Later, we feel better, the market looks better, and we’re back in again. Maybe the move didn’t really materialize and we may have been a little better off doing nothing this time, but next time could be quite different and that’s what we’re out to guard against.
While other investors may lose sleep over their investments when things start to move the wrong way, we’ll be resting comfortably, and even may be going to bed a little excited if we are making money on joining those who drove stocks down and used their money to put gold up.
Gold continues to look good and while it can’t keep up to the Nasdaq, gold is up 7% since last October 1. The Nasdaq is up 18% over this time, which shows why you want to have your money in stocks when they are running up. Bonds are now exactly where they were back then, and bonds just don’t have enough potential over cash to be worth bothering with in this plan.

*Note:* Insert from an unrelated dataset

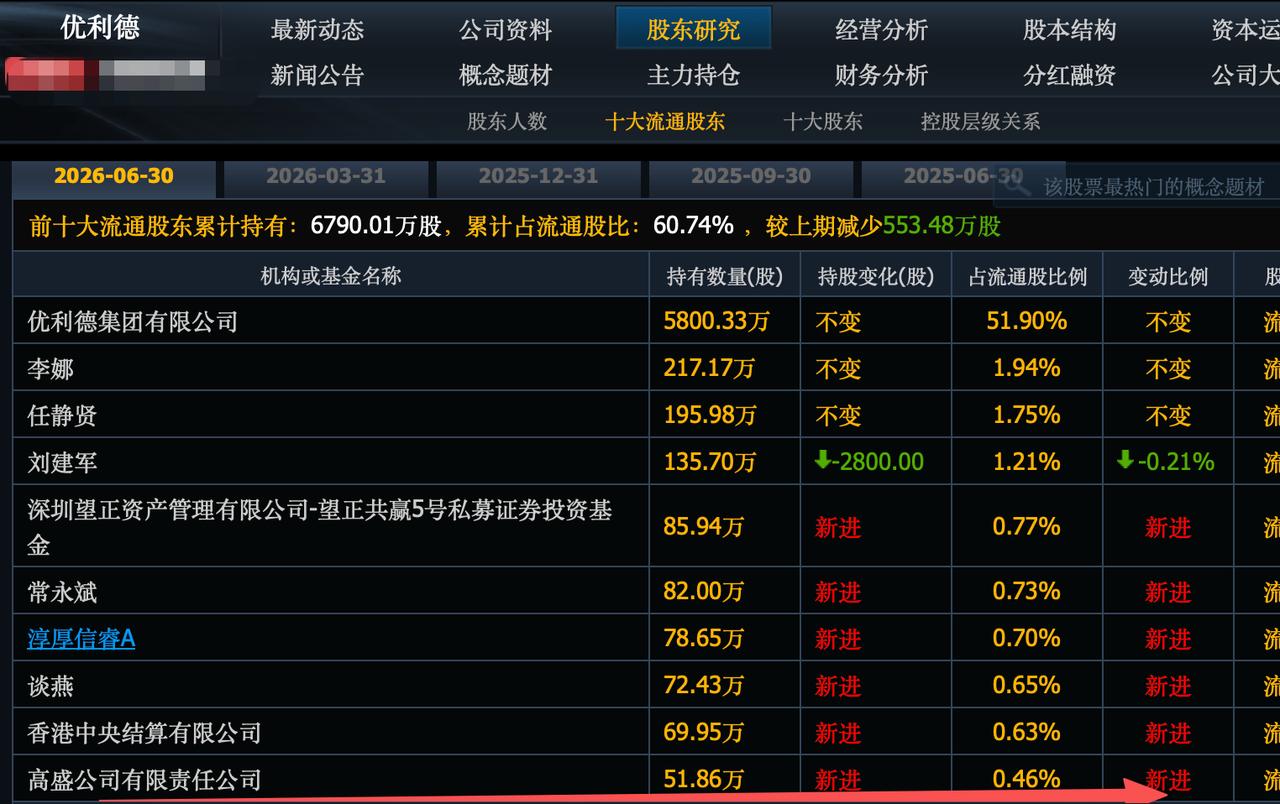 9月23日高盛重仓进入前十大股东，股价暴涨的股票名单：
1.优利德，暴涨20%，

People may feel that bonds suit their tastes more than gold because gold is riskier, but we need to keep in mind that when risk does go up like it can with gold, we certainly do not want to be in it and this will be hedged against by our plan in the same manner that it hedges our stocks.
The reason why we may want to go to cash instead of bonds when stocks and gold aren’t performing is that when both of these assets are headed down, there is a greater risk with bonds because this happens more during the real bad stuff. This also tends to hit us more by surprise. During the selloff of 2008, for instance, both stocks and gold went down, and bonds took a big hit as well. Cash was the only safe haven.
We invest to take advantage of positive expectations, and while our expectations over the long-term may be positive, often times this is not the case in the short-term. We should never embrace periods where we’re significantly more likely to lose than not, and it’s not so difficult to figure out when it is a good time to step aside, when we see these negative expectations manifest. Two eyes and a brain are the only tools required.